Wednesday, September 15, 2010

Flying

He flew across the room and the knick-knacks
looked like angry men and women in a landscape,
the furniture like unforgiving mesas and canyons.
It was a dream but not his: he was the detritus
in someone else’s sleep, and soon to lose his human shape.
Could we still call him the same? A dream forgets itself
and everyone you’ve loved is a chemical reaction.
My entire life is sparks and outright explosions;
but the sparks only tingle, and the explosions
never once wake me from this marvelous dream.

*

Chagallesque, perhaps -- in its opening; or just standard allegory. Confession, elegy, epitaph -- more and more, my way of inventing a poem is by thinking rhetorically (or by imitating; but that too, is a rhetorical device).

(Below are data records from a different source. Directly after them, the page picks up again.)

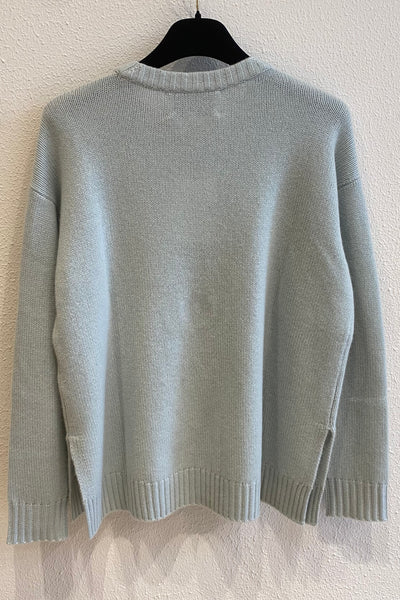 Pull ample en cachemire Aqua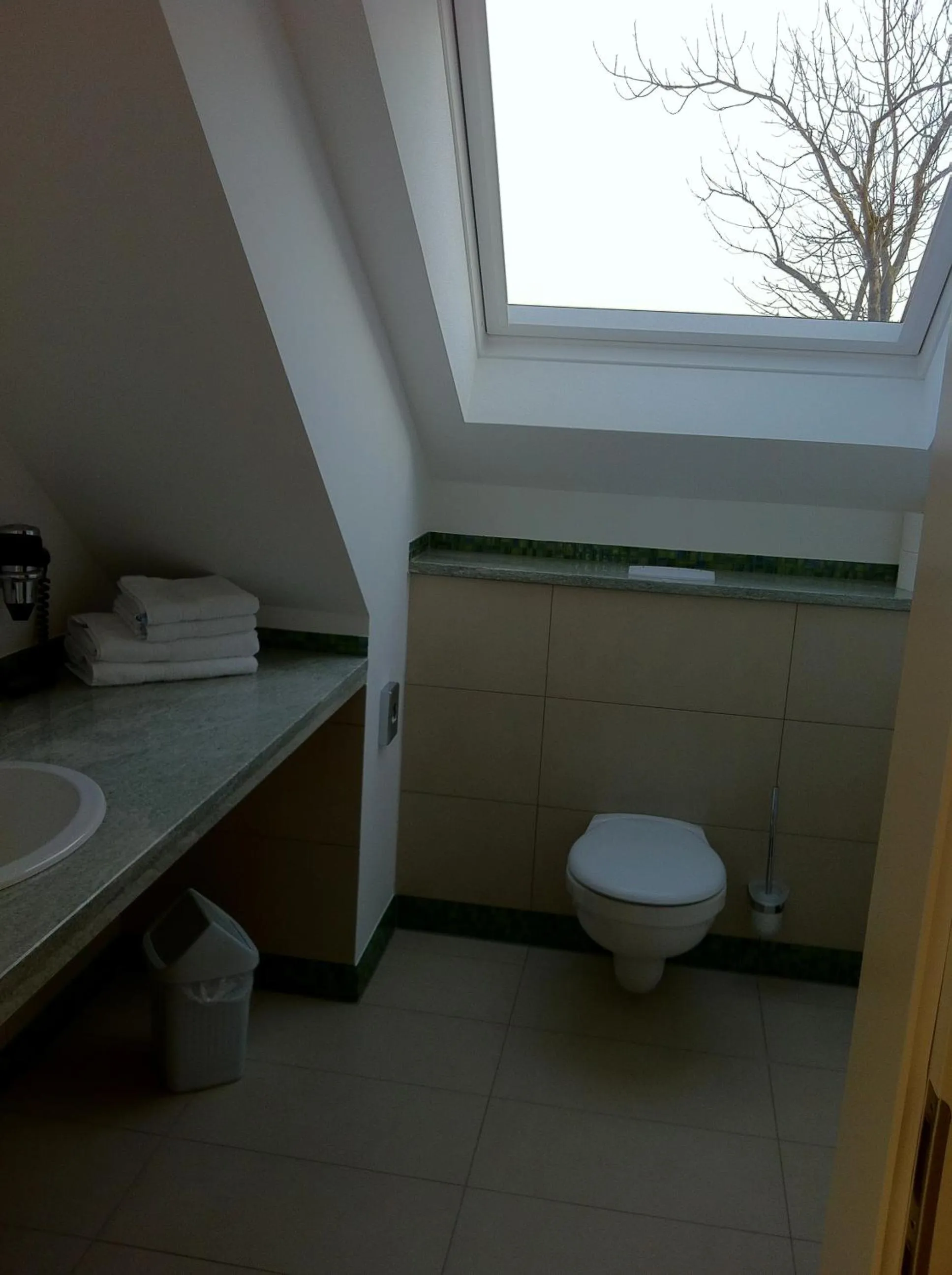 Toilet in Hotel Scherf
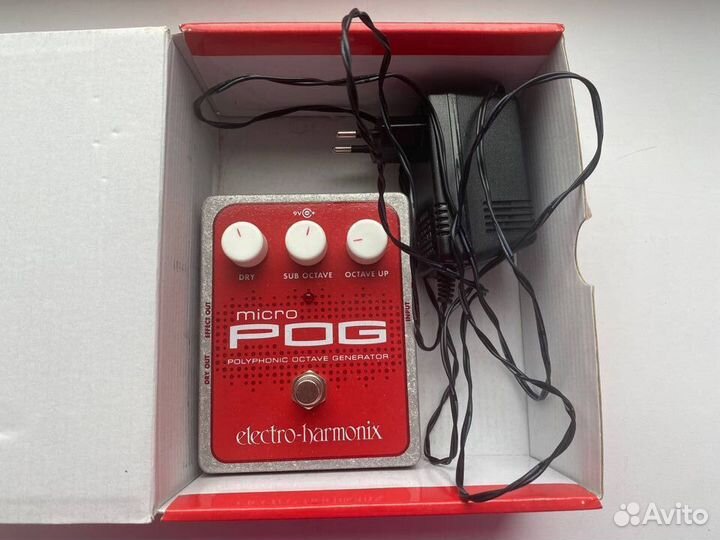 Electro-Harmonix Micro POG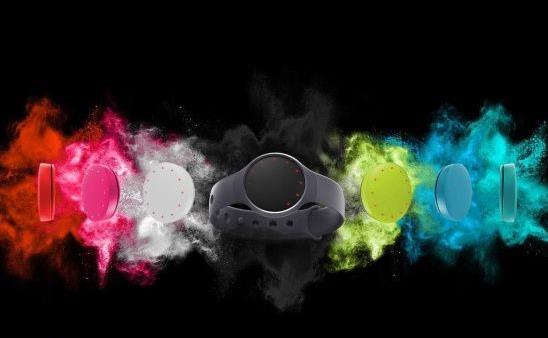 Misfit Flash改用塑料材质走炫丽路线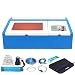 Produktbild Ridgeyard 40W CO2-USB-Anschluss Lasergravur Maschine Graveur DIY-Cutter Handwerk mit Wasserpumpe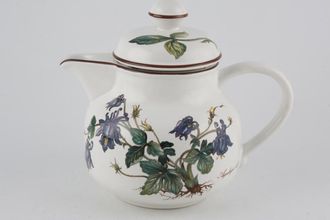 Sell Villeroy & Boch Botanica - Brown or Black Backstamp Teapot 1 3/4pt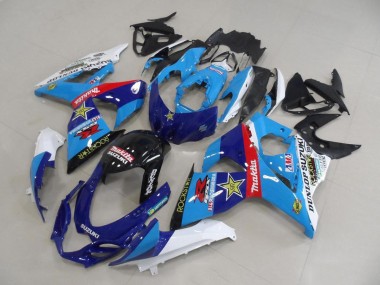 Cheapest 2009-2016 Rockstar Suzuki GSXR 1000 K9 Motorcycle Replacement Fairings UK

Also, often, the workspace is a matrix: an idealized room or field (and out here, I have my field just out the door! I've used it as a matrix for many poems over the last two years. Amazing what a difference it makes, having "nature" larger than a yard at your beck).

The room...some idealized space, in which the walls are white space for innumerable poems; and the furniture and such, props, characters, dramatic situations...

but I should open out to different interior spaces as crucibles: atria, cathedrals, long hallways, submarines...what else has promise for lyric discovery?